Sa philosophie: « Ne jamais mentir »
« Je n’ai jamais menti à un boxeur, que ce soit à la salle ou dans un quartier. C’est simple: si un boxeur n’est pas bon, je lui dis. Il faut être honnête et dire la vérité, même si elle est dure à entendre parfois, car une fois sur le ring, on ne peut pas se cacher ou s’échapper. Si le boxeur n’est pas prêt physiquement ou mentalement, son adversaire va vite le sentir et il ne pourra pas faire illusion très longtemps. Un boxeur et son entraîneur c’est un peu comme un couple.
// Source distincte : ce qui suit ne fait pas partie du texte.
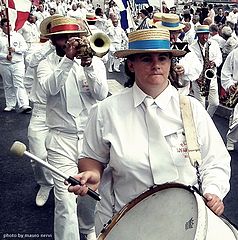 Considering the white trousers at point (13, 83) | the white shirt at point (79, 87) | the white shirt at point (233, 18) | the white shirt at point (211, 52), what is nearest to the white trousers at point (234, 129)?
the white shirt at point (211, 52)

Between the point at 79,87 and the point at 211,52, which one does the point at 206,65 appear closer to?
the point at 211,52

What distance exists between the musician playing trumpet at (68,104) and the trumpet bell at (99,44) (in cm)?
7

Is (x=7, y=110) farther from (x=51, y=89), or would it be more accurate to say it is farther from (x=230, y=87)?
(x=51, y=89)

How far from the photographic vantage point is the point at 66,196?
4430 millimetres

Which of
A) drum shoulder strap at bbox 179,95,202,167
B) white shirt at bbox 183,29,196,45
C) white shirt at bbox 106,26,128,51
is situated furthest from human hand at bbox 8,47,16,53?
drum shoulder strap at bbox 179,95,202,167

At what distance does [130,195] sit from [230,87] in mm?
4624

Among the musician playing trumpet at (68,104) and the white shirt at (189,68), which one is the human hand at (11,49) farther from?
the musician playing trumpet at (68,104)

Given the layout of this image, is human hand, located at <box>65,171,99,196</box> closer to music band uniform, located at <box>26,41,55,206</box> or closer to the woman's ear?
the woman's ear

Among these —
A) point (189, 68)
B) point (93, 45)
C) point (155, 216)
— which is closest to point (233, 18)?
point (189, 68)

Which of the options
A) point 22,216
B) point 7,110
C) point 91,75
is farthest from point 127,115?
point 7,110

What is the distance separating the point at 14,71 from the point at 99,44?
6.98 m

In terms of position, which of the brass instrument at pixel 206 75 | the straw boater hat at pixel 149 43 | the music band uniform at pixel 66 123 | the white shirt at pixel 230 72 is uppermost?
the straw boater hat at pixel 149 43

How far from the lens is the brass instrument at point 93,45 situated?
4121 mm

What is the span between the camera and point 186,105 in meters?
3.00
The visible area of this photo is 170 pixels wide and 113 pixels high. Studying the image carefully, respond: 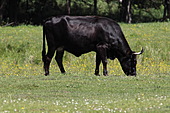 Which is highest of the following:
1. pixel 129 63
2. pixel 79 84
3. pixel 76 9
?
pixel 79 84

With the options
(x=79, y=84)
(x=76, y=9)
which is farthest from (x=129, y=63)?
(x=76, y=9)

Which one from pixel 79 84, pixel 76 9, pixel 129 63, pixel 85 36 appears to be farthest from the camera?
pixel 76 9

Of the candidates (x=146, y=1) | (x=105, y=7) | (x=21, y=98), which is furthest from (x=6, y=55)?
(x=105, y=7)

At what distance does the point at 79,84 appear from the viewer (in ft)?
53.9

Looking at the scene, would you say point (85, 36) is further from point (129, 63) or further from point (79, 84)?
point (79, 84)

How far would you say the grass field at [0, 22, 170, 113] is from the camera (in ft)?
38.1

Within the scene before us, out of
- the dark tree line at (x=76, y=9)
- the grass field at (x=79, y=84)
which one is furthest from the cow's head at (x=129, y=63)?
the dark tree line at (x=76, y=9)

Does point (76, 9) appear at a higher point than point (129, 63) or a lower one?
lower

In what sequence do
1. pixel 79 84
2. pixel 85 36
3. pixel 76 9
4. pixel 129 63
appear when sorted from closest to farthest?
1. pixel 79 84
2. pixel 85 36
3. pixel 129 63
4. pixel 76 9

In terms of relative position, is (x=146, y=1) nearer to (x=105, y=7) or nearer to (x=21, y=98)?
(x=105, y=7)

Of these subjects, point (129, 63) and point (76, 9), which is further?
point (76, 9)

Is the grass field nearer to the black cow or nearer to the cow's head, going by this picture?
the cow's head

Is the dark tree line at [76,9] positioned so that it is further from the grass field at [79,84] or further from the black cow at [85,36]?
the black cow at [85,36]

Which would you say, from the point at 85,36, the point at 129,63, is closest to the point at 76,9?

On passe tellement d’heures ensemble à la salle à s’entraîner et sur la route… On grandit ensemble, c’est un travail d’équipe. Je passe plus de temps avec mes boxeurs qu’avec mes propres enfants. Mais parce qu’il faut du temps et de la patience pour qu’une relation de confiance s’installe. Et quand je fais quelque chose, c’est toujours à 100%, sinon ça ne sert à rien. Je suis entraîneur bénévole mais j’essaie d’être le plus professionnel dans ce que je fais. Je dis souvent à mes boxeurs: « On ne nait pas champion, on le devient ». Georges Ory en est le parfait exemple. Il a énormément travaillé et fait preuve de beaucoup de persévérance pour arriver là où il est aujourd’hui. Malgré les défaites lors de ses premiers combats, il était déterminé à continuer. On ne devient pas un grand boxeur en deux-trois ans. Il faut en moyenne cinq-dix ans. Pareil pour un entraîneur: pour moi, il faut au moins 15 ans de salle avant de devenir un bon coach. »
Les valeurs de la boxe: « Le respect et l’écoute »
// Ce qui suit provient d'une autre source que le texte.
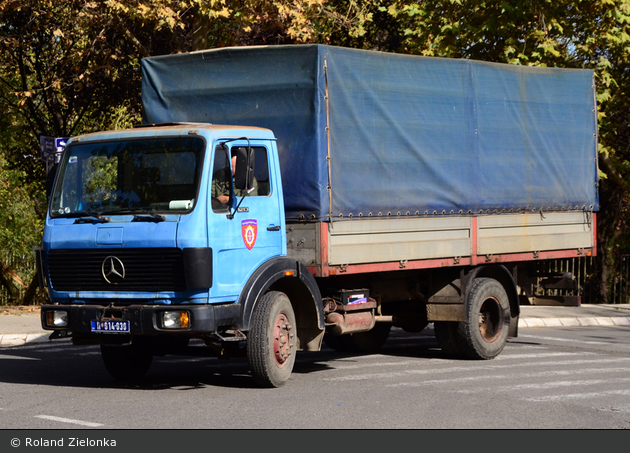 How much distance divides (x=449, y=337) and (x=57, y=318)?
5.23m

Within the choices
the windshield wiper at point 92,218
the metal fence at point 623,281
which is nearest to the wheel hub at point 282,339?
the windshield wiper at point 92,218

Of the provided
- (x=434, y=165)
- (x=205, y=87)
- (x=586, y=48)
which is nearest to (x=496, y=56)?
(x=586, y=48)

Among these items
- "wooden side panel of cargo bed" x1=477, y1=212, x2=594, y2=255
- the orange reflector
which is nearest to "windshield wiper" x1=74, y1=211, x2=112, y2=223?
the orange reflector

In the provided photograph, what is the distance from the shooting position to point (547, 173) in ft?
42.1

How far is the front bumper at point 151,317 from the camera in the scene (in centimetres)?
847

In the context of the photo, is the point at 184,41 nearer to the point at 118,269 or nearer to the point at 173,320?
the point at 118,269

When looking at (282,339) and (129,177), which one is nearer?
(129,177)

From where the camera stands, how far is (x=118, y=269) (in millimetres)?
8789

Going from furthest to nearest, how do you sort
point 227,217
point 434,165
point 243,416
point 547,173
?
point 547,173, point 434,165, point 227,217, point 243,416

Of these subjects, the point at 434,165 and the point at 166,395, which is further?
the point at 434,165

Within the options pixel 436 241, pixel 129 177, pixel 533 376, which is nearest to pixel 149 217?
pixel 129 177

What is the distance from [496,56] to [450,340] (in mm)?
9665

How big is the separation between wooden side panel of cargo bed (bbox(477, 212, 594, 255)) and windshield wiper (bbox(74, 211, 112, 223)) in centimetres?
498

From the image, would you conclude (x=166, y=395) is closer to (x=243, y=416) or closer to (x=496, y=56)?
(x=243, y=416) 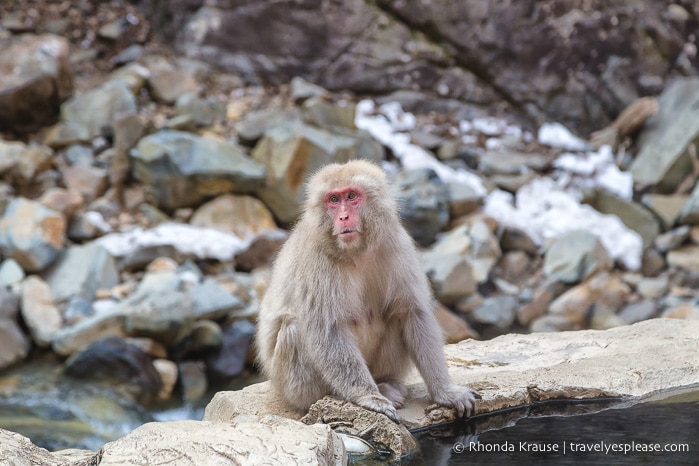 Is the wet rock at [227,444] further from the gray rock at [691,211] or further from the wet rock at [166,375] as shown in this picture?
the gray rock at [691,211]

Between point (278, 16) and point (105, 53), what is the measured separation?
2742 mm

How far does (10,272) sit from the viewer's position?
809 cm

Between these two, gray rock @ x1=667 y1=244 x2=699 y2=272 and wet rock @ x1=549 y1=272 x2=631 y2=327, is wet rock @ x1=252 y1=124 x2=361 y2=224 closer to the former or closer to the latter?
wet rock @ x1=549 y1=272 x2=631 y2=327

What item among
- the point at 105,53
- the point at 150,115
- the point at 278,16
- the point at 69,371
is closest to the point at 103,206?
the point at 150,115

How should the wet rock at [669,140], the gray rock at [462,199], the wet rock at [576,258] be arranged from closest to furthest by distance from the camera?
1. the wet rock at [576,258]
2. the gray rock at [462,199]
3. the wet rock at [669,140]

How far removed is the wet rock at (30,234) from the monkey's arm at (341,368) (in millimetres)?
5542

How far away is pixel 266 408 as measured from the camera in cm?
393

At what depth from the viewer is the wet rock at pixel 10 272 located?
316 inches

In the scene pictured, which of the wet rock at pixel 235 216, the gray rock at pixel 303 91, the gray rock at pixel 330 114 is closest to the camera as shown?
the wet rock at pixel 235 216

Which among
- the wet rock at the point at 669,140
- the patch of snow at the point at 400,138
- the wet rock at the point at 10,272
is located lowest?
the wet rock at the point at 10,272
« La première valeur que j’enseigne à mes boxeurs et boxeuses, qui m’a été inculquée par mes parents, c’est le respect. Le respect envers tout le monde: leurs partenaires d’entraînement, leur entraîneur, leurs adversaires, l’arbitre… J’attends d’eux qu’ils se comportent sur le ring comme dans la vie. J’essaie d’apporter un cadre. Certains jeunes en ont besoin, ils découvrent qu’il y a plus de règles à la salle que chez eux… Une autre valeur très importante de la boxe est l’écoute. Un boxeur ne pourra jamais progresser s’il n’est pas à l’écoute. Il faut accepter les remarques et critiques pour pouvoir avancer. Tout comme il ne faut pas avoir peur de prendre des coups et tomber pour mieux se relever. »
Les combats: « Je prends les coups avec eux, je pleure avec eux »
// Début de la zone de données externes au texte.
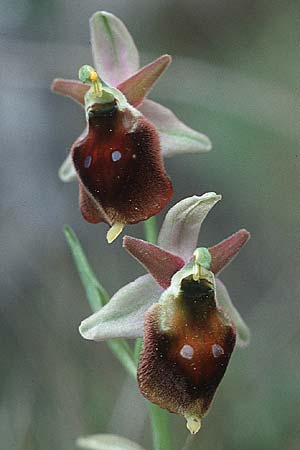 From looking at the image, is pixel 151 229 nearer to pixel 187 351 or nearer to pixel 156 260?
pixel 156 260

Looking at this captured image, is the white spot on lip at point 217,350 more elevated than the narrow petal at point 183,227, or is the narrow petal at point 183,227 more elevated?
the narrow petal at point 183,227

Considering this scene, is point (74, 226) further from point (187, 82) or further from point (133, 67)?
point (133, 67)

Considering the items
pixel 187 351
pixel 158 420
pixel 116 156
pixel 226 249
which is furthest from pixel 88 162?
pixel 158 420

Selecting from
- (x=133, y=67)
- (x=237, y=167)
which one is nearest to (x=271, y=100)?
(x=237, y=167)

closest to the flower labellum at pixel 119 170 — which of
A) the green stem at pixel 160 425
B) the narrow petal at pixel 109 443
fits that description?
the green stem at pixel 160 425

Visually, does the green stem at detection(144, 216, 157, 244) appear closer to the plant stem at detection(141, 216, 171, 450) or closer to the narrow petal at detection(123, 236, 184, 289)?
the plant stem at detection(141, 216, 171, 450)

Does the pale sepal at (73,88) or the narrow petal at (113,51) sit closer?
the pale sepal at (73,88)

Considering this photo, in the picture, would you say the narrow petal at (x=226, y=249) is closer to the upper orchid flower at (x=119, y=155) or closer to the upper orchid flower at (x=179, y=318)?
the upper orchid flower at (x=179, y=318) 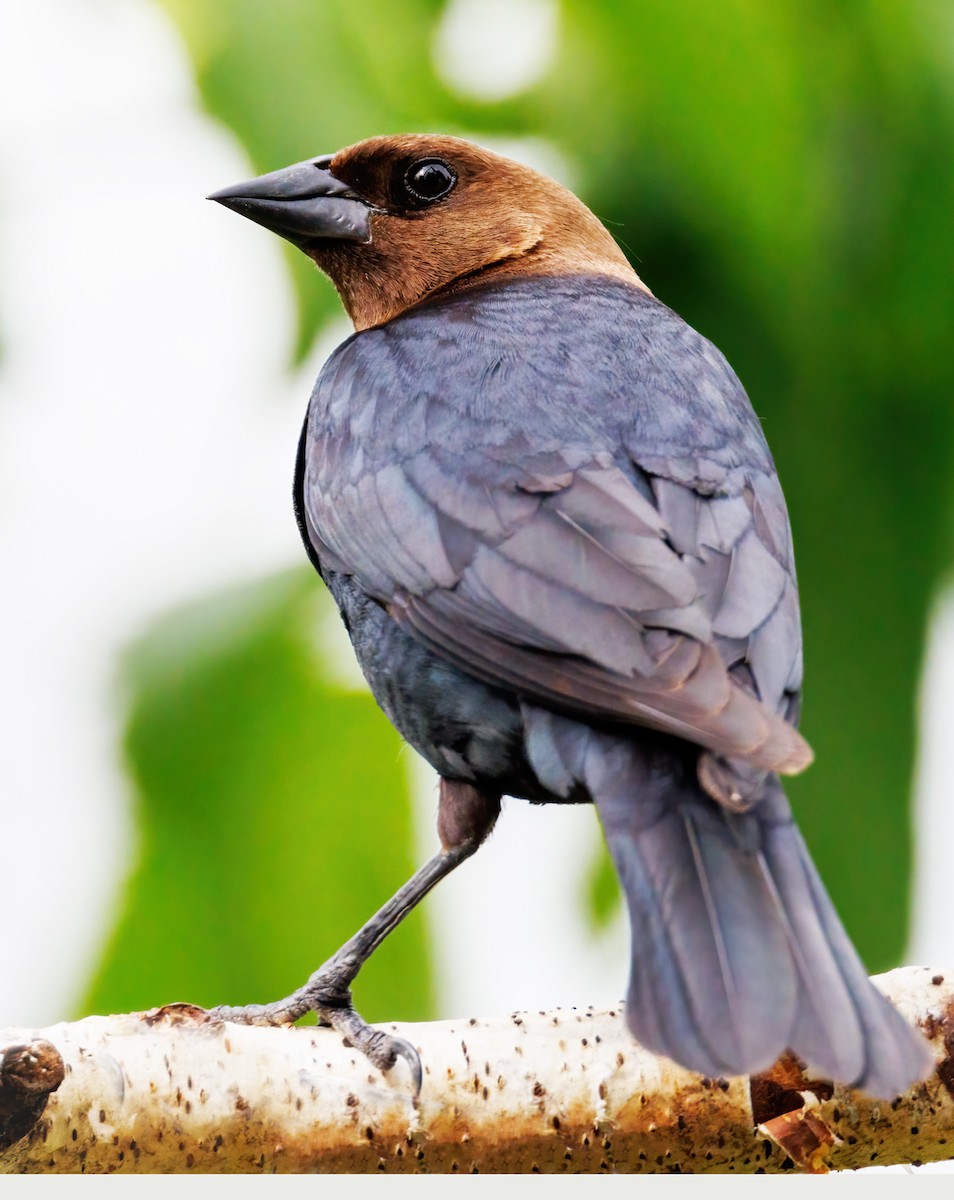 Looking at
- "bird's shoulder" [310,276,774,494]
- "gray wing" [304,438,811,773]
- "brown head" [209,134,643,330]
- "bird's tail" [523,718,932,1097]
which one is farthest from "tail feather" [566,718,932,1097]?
"brown head" [209,134,643,330]

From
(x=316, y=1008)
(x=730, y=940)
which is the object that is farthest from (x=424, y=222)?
(x=730, y=940)

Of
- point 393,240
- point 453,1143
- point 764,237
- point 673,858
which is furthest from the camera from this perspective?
point 393,240

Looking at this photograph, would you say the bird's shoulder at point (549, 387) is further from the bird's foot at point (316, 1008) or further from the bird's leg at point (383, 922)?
the bird's foot at point (316, 1008)

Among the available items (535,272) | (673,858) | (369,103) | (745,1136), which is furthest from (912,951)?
(369,103)

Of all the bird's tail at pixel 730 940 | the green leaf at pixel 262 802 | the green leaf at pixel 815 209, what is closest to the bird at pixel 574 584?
the bird's tail at pixel 730 940

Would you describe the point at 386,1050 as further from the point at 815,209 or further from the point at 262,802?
the point at 815,209

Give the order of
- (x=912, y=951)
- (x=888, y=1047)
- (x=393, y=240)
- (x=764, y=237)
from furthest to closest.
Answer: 1. (x=393, y=240)
2. (x=764, y=237)
3. (x=912, y=951)
4. (x=888, y=1047)

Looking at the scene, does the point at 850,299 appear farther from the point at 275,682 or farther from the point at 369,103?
the point at 275,682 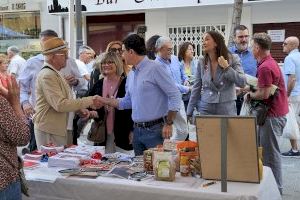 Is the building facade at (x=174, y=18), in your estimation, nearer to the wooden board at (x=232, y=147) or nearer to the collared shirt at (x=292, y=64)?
the collared shirt at (x=292, y=64)

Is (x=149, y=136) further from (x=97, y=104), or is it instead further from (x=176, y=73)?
(x=176, y=73)

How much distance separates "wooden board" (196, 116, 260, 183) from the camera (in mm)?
2561

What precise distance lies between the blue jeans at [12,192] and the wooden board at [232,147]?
1074 mm

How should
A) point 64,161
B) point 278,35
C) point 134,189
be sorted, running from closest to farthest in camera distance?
1. point 134,189
2. point 64,161
3. point 278,35

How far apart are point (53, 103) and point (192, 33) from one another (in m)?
9.06

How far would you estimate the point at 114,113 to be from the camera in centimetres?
432

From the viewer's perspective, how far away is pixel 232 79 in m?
4.03

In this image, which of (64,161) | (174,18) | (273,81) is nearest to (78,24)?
(174,18)

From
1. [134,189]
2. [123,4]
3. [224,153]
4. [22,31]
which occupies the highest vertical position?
[123,4]

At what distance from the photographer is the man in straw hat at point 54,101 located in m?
3.79

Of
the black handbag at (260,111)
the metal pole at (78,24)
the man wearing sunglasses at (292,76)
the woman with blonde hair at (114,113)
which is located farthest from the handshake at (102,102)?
the metal pole at (78,24)

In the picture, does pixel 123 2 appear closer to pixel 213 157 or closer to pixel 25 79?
pixel 25 79

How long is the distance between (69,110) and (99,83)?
76 cm

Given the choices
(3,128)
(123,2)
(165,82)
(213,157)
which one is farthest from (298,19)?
(3,128) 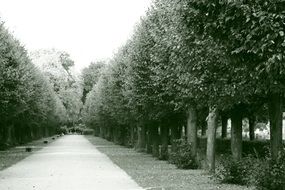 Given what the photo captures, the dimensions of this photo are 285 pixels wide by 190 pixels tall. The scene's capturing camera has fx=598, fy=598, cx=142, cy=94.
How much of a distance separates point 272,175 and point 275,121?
1.40 metres

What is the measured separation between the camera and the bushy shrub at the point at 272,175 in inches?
592

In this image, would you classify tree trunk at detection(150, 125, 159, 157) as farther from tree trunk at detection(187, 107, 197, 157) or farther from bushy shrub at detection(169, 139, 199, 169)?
bushy shrub at detection(169, 139, 199, 169)

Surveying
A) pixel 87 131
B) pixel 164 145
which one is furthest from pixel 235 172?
pixel 87 131

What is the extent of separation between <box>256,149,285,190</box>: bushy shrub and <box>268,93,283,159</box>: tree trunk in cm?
25

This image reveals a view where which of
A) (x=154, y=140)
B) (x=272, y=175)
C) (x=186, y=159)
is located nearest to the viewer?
(x=272, y=175)

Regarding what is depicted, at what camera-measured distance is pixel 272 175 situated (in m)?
15.2

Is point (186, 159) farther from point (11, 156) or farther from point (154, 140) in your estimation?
point (11, 156)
« Je m’investis énormément auprès des boxeurs et boxeuses que j’entraîne. Je ne veux pas qu’on me reproche de ne pas avoir été assez présent et je ne veux surtout pas qu’un boxeur ait de regrets. On peut perdre contre plus fort, mais il faut tout donner. C’est à la fois se respecter soi-même mais aussi respecter son adversaire. Quand un boxeur ou une boxeuse débute, je n’aime pas mettre trop de pression; je dis souvent: « Si tu gagnes, c’est bien, si tu perds ce n’est pas la fin du monde ». Souvent, les filles ont moins d’appréhension que les garçons, surtout lors des premiers combats, comme si elles avaient moins conscience du danger. Sur le bord du ring, je vis tous les combats à fond: je prends les coups avec eux, je souffre avec eux, je pleure avec eux… je peux perdre jusqu’à 2 kg pendant un combat! »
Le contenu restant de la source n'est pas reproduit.